Hotel Reservation System System Design Interview Question
Problem: Design a hotel reservation system (Booking.com / Expedia / direct hotel chain) that takes rooms from search, through hold, payment, and confirmed booking, without overselling.
Overview
A hotel reservation system looks small on paper and is unforgiving in practice. The traffic numbers are tiny by modern internet standards, roughly 50 booking attempts per second at peak, but the correctness bar is absolute: you may never sell the same room twice. Two users clicking Book on the last room at the same moment must result in one confirmation and one polite rejection, not two charges and an angry guest at reception. The design leans on three classical moves: a short-lived Redis hold with TTL so the user has time to type a card number, a strongly consistent SQL inventory table that is the source of truth, and network-level idempotency keys so retries on flaky mobile links do not double-book. The interesting debates are whether to use SERIALIZABLE isolation or optimistic locking with a version column, whether holds belong in Redis or in the database, and how aggressively to cache the search path without serving stale availability.
Summary
A consistency-critical booking pipeline: search is read-heavy and can be served from a denormalized availability cache; booking is write-critical and must never oversell. The design uses Redis for short-lived room holds (SETNX with TTL) plus idempotency keys, a strongly-consistent SQL database (MySQL / Postgres / Aurora) for the authoritative reservation + inventory tables, and an external payment provider (Stripe-style) with network-grade idempotency. The dominant design choice is 'hold then confirm' over optimistic 'book directly' — holds keep inventory reserved for 10 min during checkout so the user can enter payment details without the room disappearing or double-selling. The main tradeoff is locked but unpaid inventory during the hold window; bookable-room utilization is slightly reduced in exchange for a clean UX and a hard no-oversell guarantee.
Requirements
Functional
- Search hotels and room types by destination, dates, and guest count
- Place a short-lived hold on a specific room while the user enters payment
- Confirm a booking atomically with a successful payment authorization
- Support idempotent POST /bookings via client-supplied Idempotency-Key
- Cancel and refund bookings subject to the hotel cancellation policy
- Email and push confirmation to the guest and notification to the hotel
Non-functional
- No oversell under any concurrency pattern; correctness is a hard constraint
- Search p95 under 500 ms, hold p95 under 200 ms, booking p95 under 2 s (payment-bound)

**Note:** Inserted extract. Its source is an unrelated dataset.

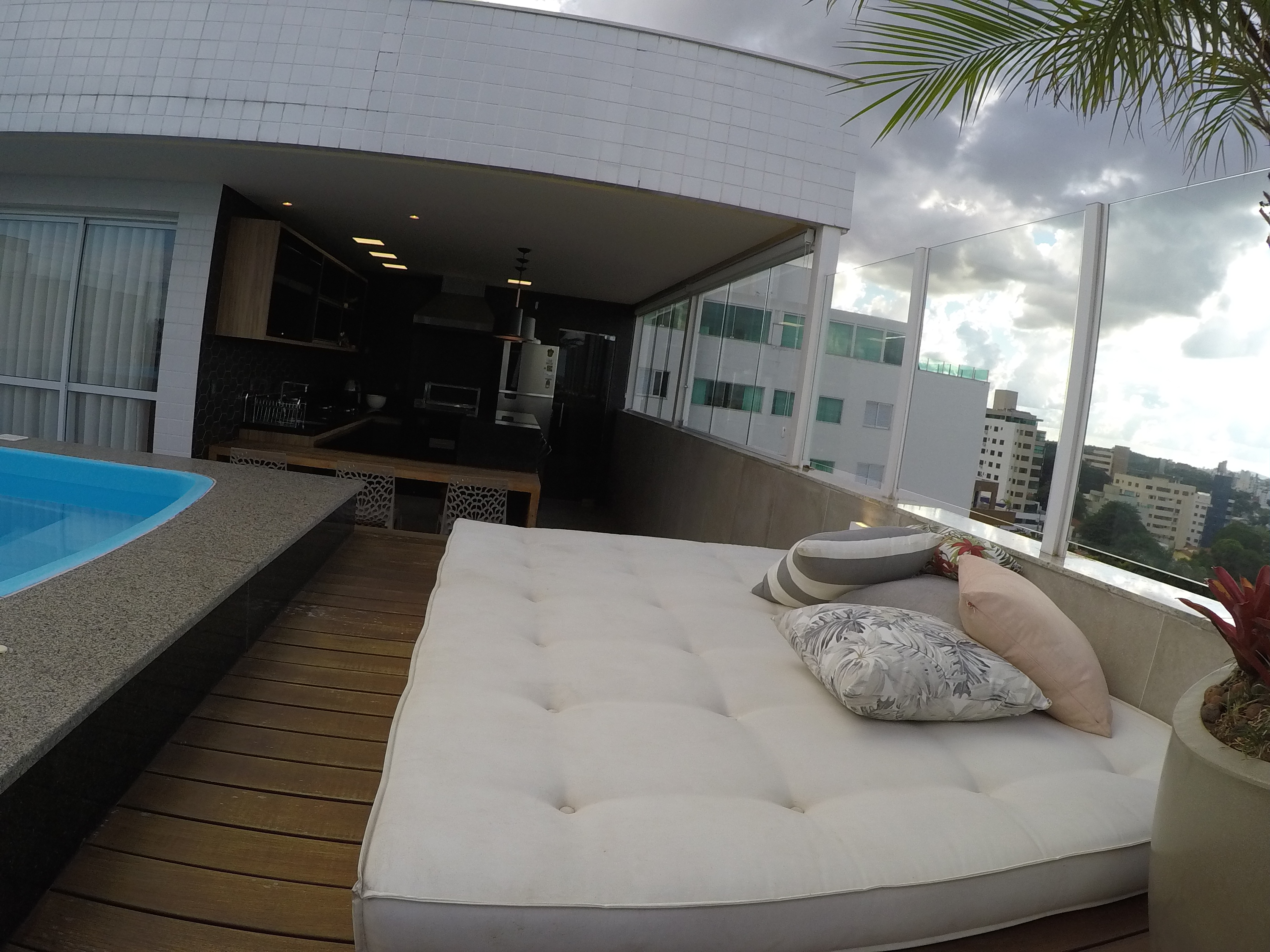 Cobertura com Piscina — Liberdade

- Availability 99.95% for search, 99.99% for the booking pipeline
- Hold TTL 10 minutes with a one-click extend option
- Reservation DB survives a full AZ failure without losing committed bookings
Capacity Assumptions
- 1M hotels globally, avg 200 rooms each → 200M room-nights inventory
- 30M searches/day, 1M booking attempts/day, 900K successful bookings/day
- Search:Book ratio ≈ 30:1 (read-heavy)
- Avg checkout session 4 min; hold TTL = 10 min (buffer for payment)
- No-oversell is a hard constraint — correctness > availability
- Payment SLA: external provider p95 ≈ 600ms, p99 ≈ 1.5s
Back-of-Envelope Estimates
- Search QPS: 30M / 86400 ≈ 350 sustained, ~1.2K peak
- Booking QPS: 1M / 86400 ≈ 12 sustained, ~50 peak — tiny absolute numbers, the challenge is correctness not scale
- Active holds at any moment: 50 QPS * 10 min = 30K concurrent holds max
- Reservation DB row count: 900K/day * 365 * 5yr ≈ 1.6B rows (partitioned by check_in month)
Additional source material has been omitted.